The finding from this paper that “Reefs within no-take marine reserves were no more likely to recover than reefs in fished areas” could be related to tendency for marine reserves in Seychelles to be designated in shallower areas that are under pressure from fishing, nutrient loading, etc, rather than in deeper, more remote residual areas with lower water temperatures that are not under pressure? The real worry with this paper is that readers will go away with the take-home message that marine reserves do not promote resilience/recovery, when this finding is more an artifact of the criteria for siting marine reserve designations in the Seychelles? If it is accepted that structural complexity, density of juvenile corals and herbivorous fishes, and low nutrient loads are attributes that promote resilience/recovery, surely marine reserves have the potential to promote such attributes and thereby recovery from coral bleaching. The lack of impact of marine reserves in this study could be more to do with location of marine reserves in more used areas and their lack of effectiveness in reducing impacts of such uses, rather than marine reserves not having the potential to promote resilience/recovery, but my worry is that such caveats will not be considered in the message that people may hear, especially when findings are transferred from the Seychelles to the Great Barrier Reef...

Comments

I agree - this article raises a lot of questions. Seychelles' no-take reserves are very poorly enforced for a number of reasons. The national park authority is chronically short of staff and resources, as recent government reforms involved a drastic reduction in funding and consequently priority is afforded to revenue collection via tourist entry fees rather than expenditure on basic monitoring. There is limited public awareness or willingness to observe fishing restrictions, whilst recent increases in fuel prices and limited availability of ice and cold storage places greater pressure on nearshore fisheries where most MPAs are sited. To equate no-take reserves with unregulated areas implies that enforcement is the difference between the two - which is clearly not the case in Seychelles.

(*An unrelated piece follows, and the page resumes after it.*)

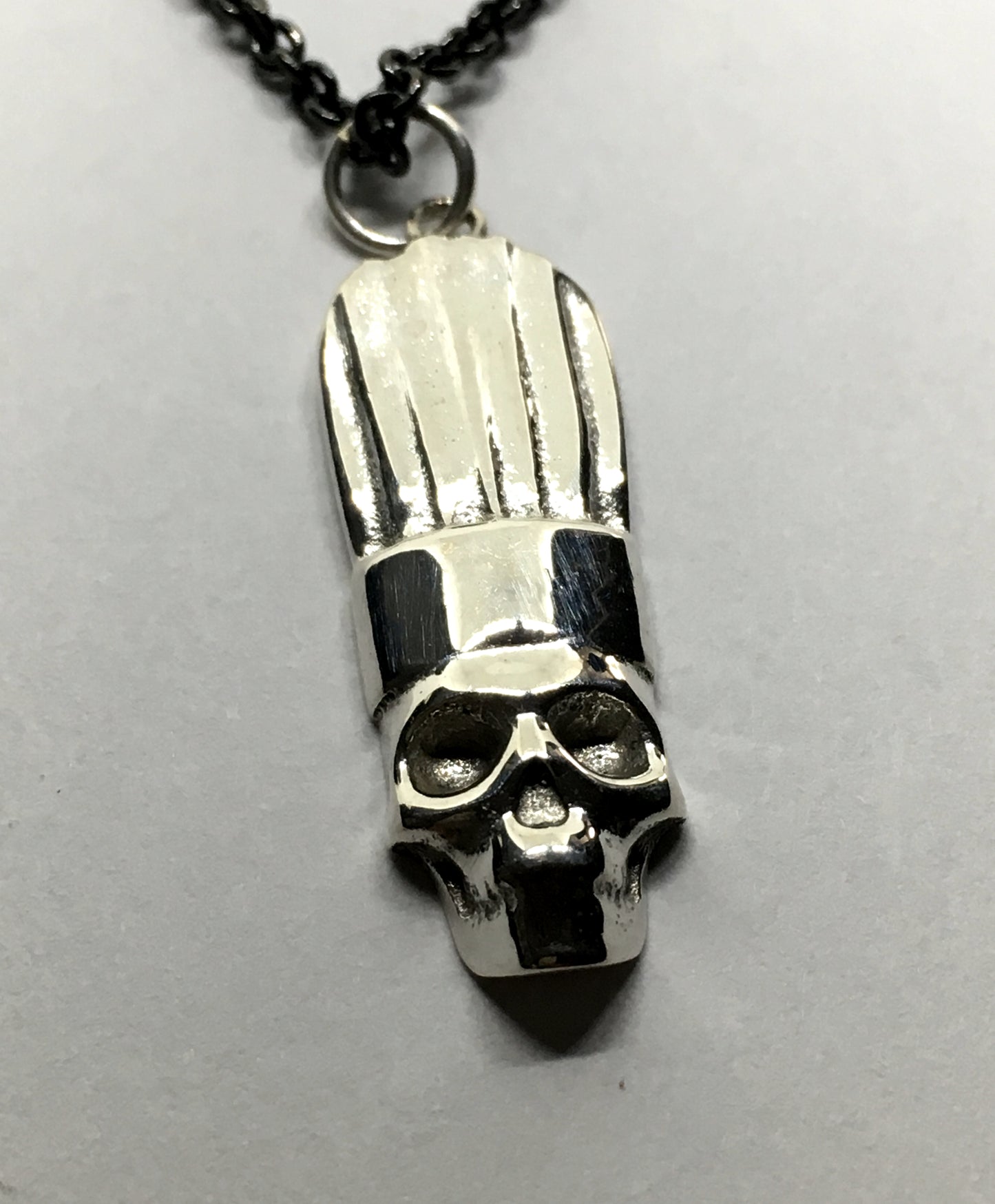 Chef Skull Pendant Necklace in Sterling Silver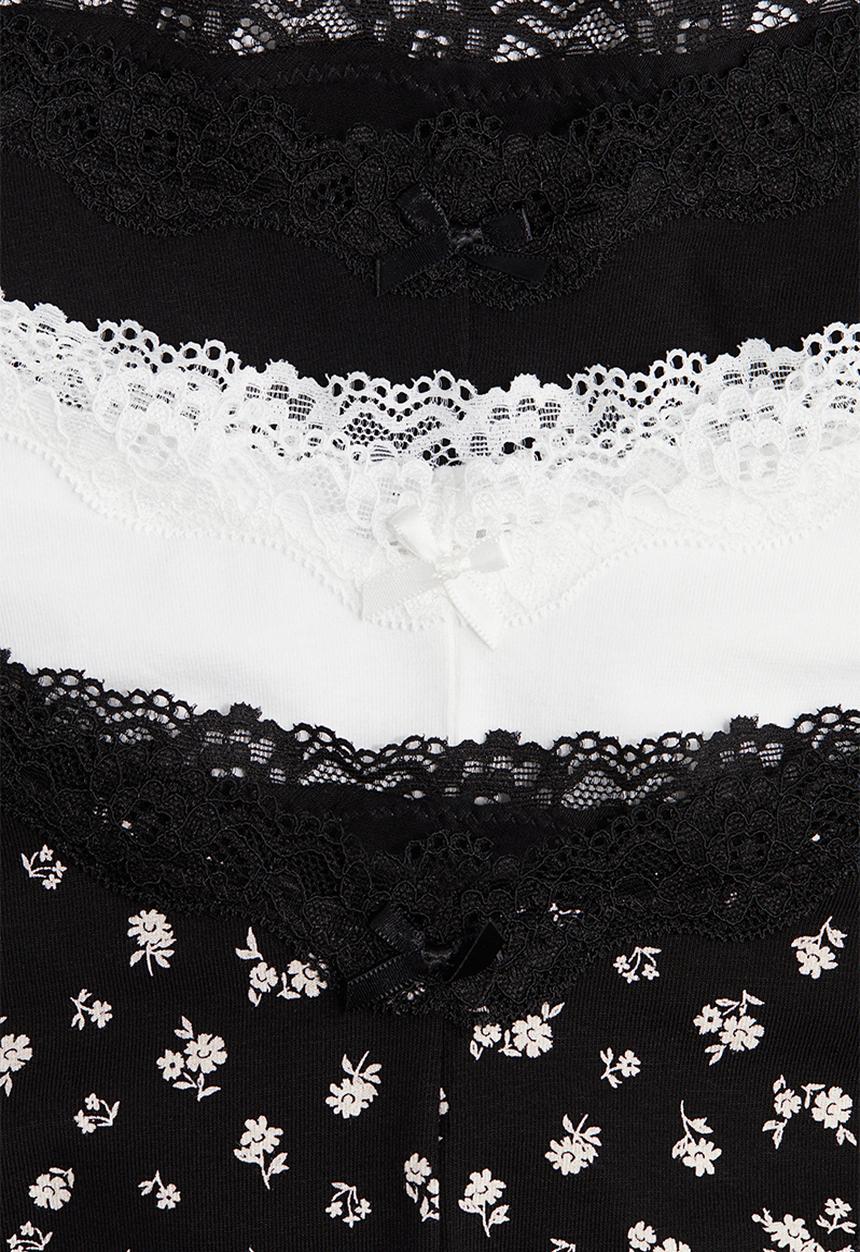 H&M - 3 pack cotton and lace hipster briefs - black floral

I think it is really important to keep in mind the purposes of reserves.   On the GBR, the intent is to enhance the resilience of the overall system, not just the reserve zones, and to do that principally by regulating fishing pressure; a wide range of other measures are in place to address other contributing factors for resilience. Albeit not sufficient to be effective.

Two points then emerge:

1.Some aspects or resilience factors we might expect to measure differences at the scale of in & out of reserves –e.g. stocks of fish that are relatively sedentary. But many aspect we would expect to emerge at the scale of the entire GBR, and that is a good thing- we aim to protect the entire GBR. But it is a scientific challenge to demonstrate – we don’t have replicate, controlled GBRs.

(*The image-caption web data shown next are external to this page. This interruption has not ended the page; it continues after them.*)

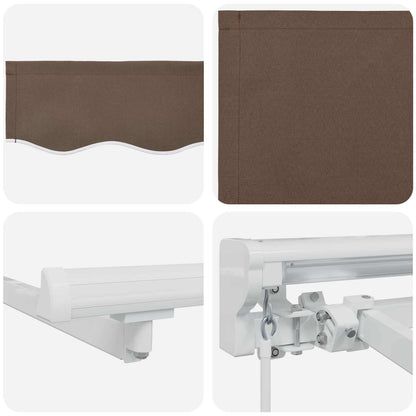 Cornice per Tenda Manuale con LED Tortora 4,5 × 3,5 m | homemem39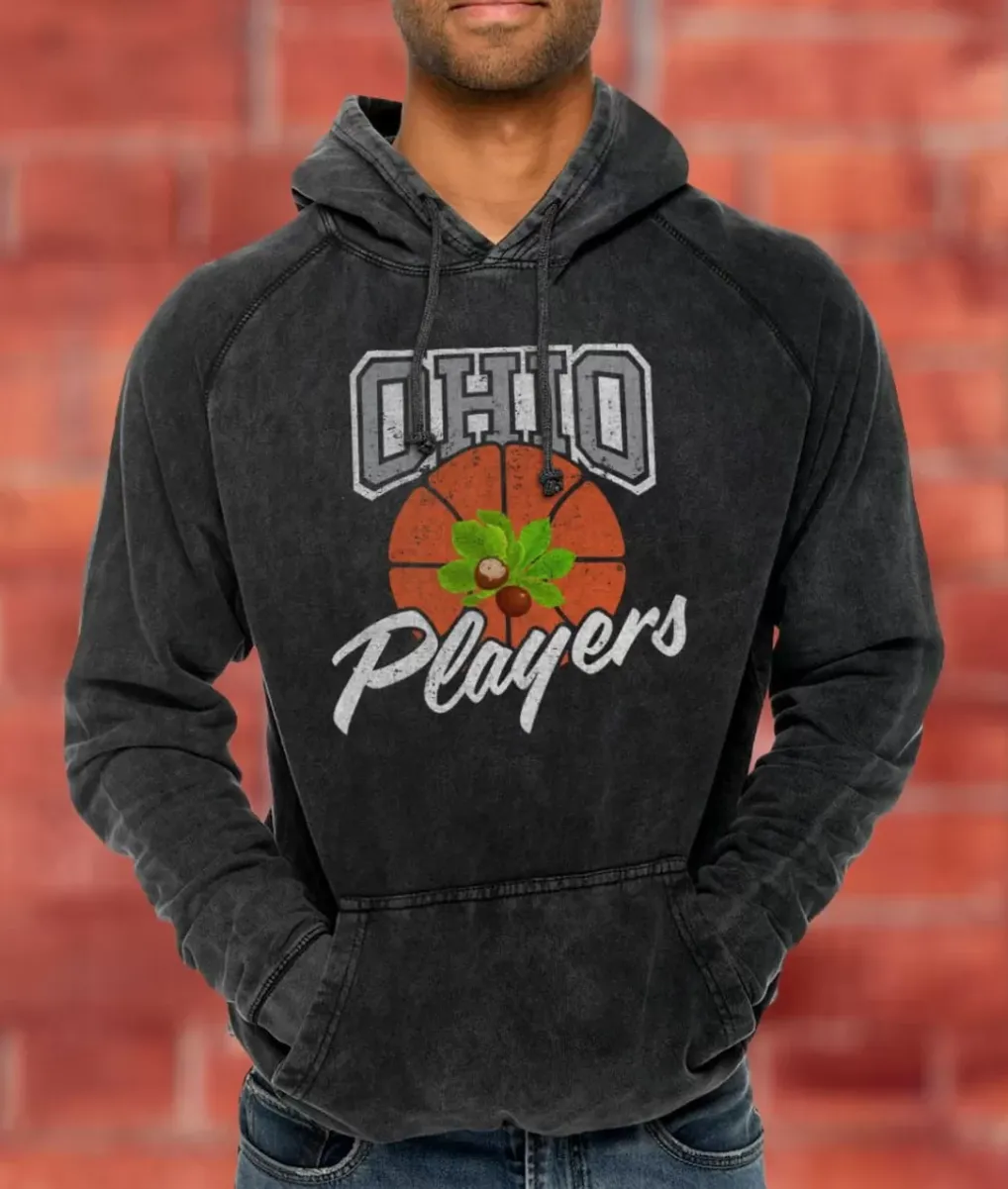 Online Nayked Apparel Men'S Vintage Raglan Graphic Hoodie | Ohio Players (Buckeye Leaf) Vintage Black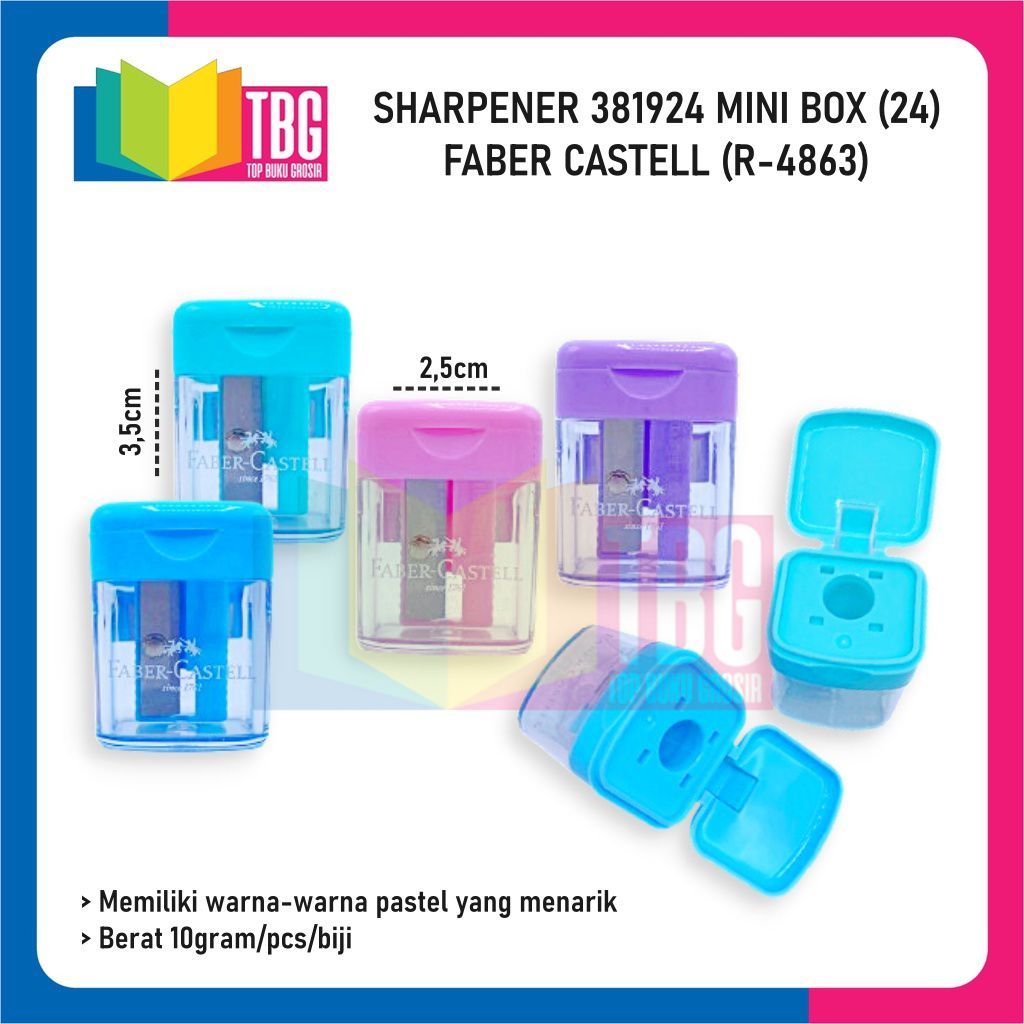

1 PCS SHARPENER 381924 MINI BOX (24) FABER CASTELL RAUTAN OROTAN PENSIL (R-4863)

2.No single measure can reasonably be expected to provide protection against all threats at all scales (hence the need for a portfolio approach), but in particular, the magnitude of threats, especially bleaching, currently hitting the GBR is simply enormous, and would outweigh the benefits of many otherwise appropriate management strategies. Seatbelts and airbags are extremely good ideas, but they won’t provide enough protection in a really major car crash.

3. Ultimately, bleaching is caused by ocean warming, in turn a result of carbon emissions. We need to reduce global carbon emissions. MPAs and other measures are valuable complements to that, but don't obviate the need.